ChatGPT is an AI-powered tool that can be used to write code as part of your daily coding practice. It can be used to write resumes, Excel formulas, essays, cover letters, and even code for a WordPress plugin. But, while ChatGPT appears to have a tremendous amount of domain-specific knowledge, it lacks wisdom and can get lost in the process of writing code. It is important to understand what types of coding ChatGPT can do well and what it cannot do.
ChatGPT can be used to write useful code, but it is important to understand its limitations. After testing ChatGPT to write a WordPress plugin, I decided to see how far ChatGPT could go. I wrote out a very careful prompt for a Mac application, including detailed descriptions of user interface elements, interactions, what would be provided in settings, how they would work, and so on. When I fed it to ChatGPT, it responded with a flood of text and code. However, none of it was usable. It didn’t identify where the code should go, how to construct the project, and when I looked carefully at the code produced, it left out major operations I requested, leaving in simple text descriptions stating “program logic goes here.”
It became clear to me that if you ask ChatGPT to deliver a complete application, it will fail.
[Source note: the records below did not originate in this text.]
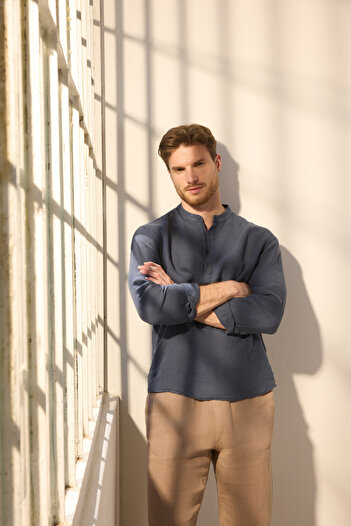 Trendyol Collection Navy Blue Oversize Limited Edition 100% Linen Shirt Tmnss24Go00057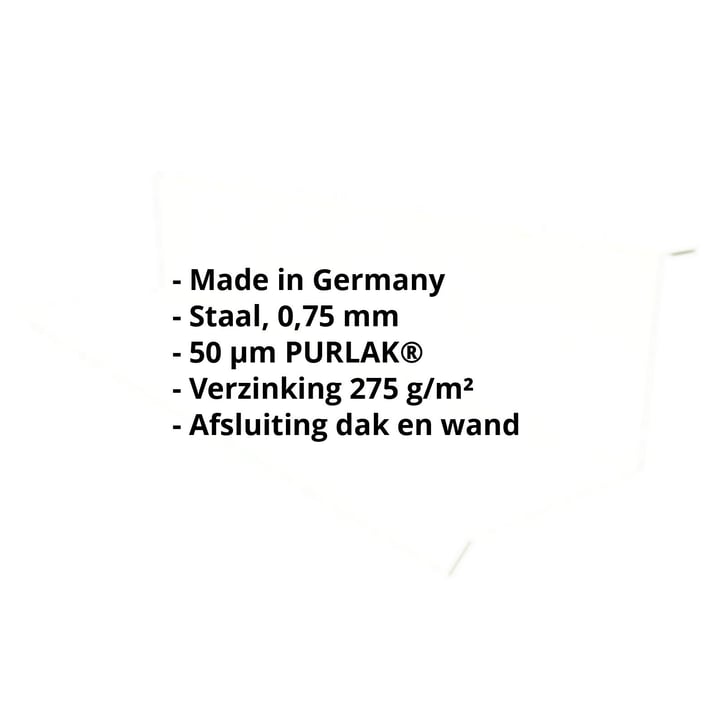 Muuraansluiting | Typ 1 | 100 x 110 x 2000 mm | 90° | Staal 0,75 mm | 50 µm PURLAK® | 9002 - Grijswit #2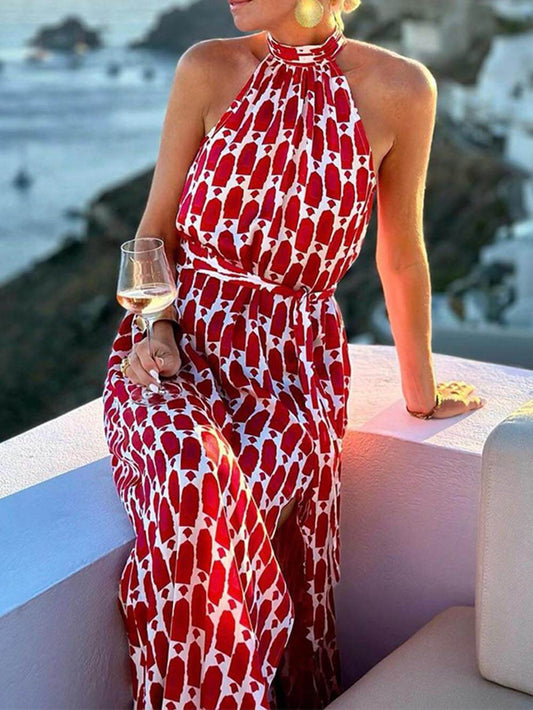 Printed Halter Neck Beach Slit Sexy Midi Dress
A corollary to this observation is that if you know nothing about coding and want ChatGPT to build you something, it will fail. Where ChatGPT succeeds is in helping someone who already knows how to code to build specific routines and get specific tasks done. It can be used to write small algorithms, produce subroutines, and help break down a bigger project into chunks. It can also be used to demo techniques and paste code into a project. However, it will not be able to write code containing the nuances for very specific or complex problems that require deep experience to understand.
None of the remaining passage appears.